197 Oral - Techniques and Technology Session
Saturday April 09, 5:15 PM - 5:30 PM

Authors:
Yineng Xu; Bei Wang; Chun han

Affiliation: Weill Institute for Cell and Molecular Biology and Department of Molecular Biology and Genetics, Cornell University

Keywords:
q. other (optogenetics); e. intracellular transport

During animal development, the same molecular event can result in drastically different consequences depending on when and where it occurs. Thus, the spatial and temporal properties of signaling inputs and gene activity largely determine the biological outcomes. Spatiotemporal regulation is particularly important for neuronal development and function: Spatially, neurons occupy broad domains and may incur distinct signaling events at different cellular compartments as a result of unique interactions with the surrounding microenvironment. Temporally, neurons develop through distinct stages and require series of molecular events that occur in particular sequences. However, widely used methods for studying gene function, such as mutations, RNAi, and CRISPR, lack the spatiotemporal resolution required for dissecting fine developmental mechanisms. In contrast, light-controllable modules hold great promise for precise and instant manipulation of molecular events in cells.

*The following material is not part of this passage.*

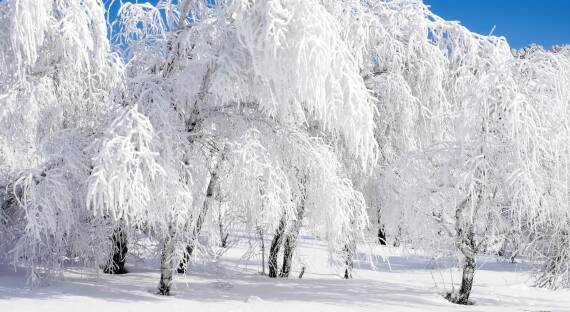 Начало декабря в Хакасии стало самым холодным за 12 лет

Towards this goal, we developed OptoTrap, a light-dependent protein trapping system, which builds on two light controllable systems—Cry2olig and magnets. This system forms large protein aggregates under blue light and can trap proteins that are tagged by GFP or split GFP. We generated several variants of this system for diverse applications in neurons and epithelial cells and characterized their association and dissociation properties. We demonstrate that this system can effectively trap GFP-tagged endogenous proteins of diverse sizes, subcellular locations, and functions. Functionally, light-dependent protein trapping of the septate junction protein Nrg in epithelial cells caused gain-of-function (GOF) and cell shrinkage, suggesting Nrg activation through clustering. In contrast, optogenetic trapping of kinesin heave chain (Khc) in somatosensory neurons caused effective loss-of-function (LOF), resulting in disruption of microtubule-dependent transport and dendrite reduction. Similarly, trapping of Nmnat in neurons caused dendrite reduction, likely due to disruptions of Nmnat’s chaperon function. OptoTrap allows us to fine tune protein manipulation for graded phenotypes by changing illumination conditions, and thus offers great flexibility for dissecting protein functions in neuronal development. This toolkit should be applicable to broader developmental stages and diverse cell types for studying development mechanisms.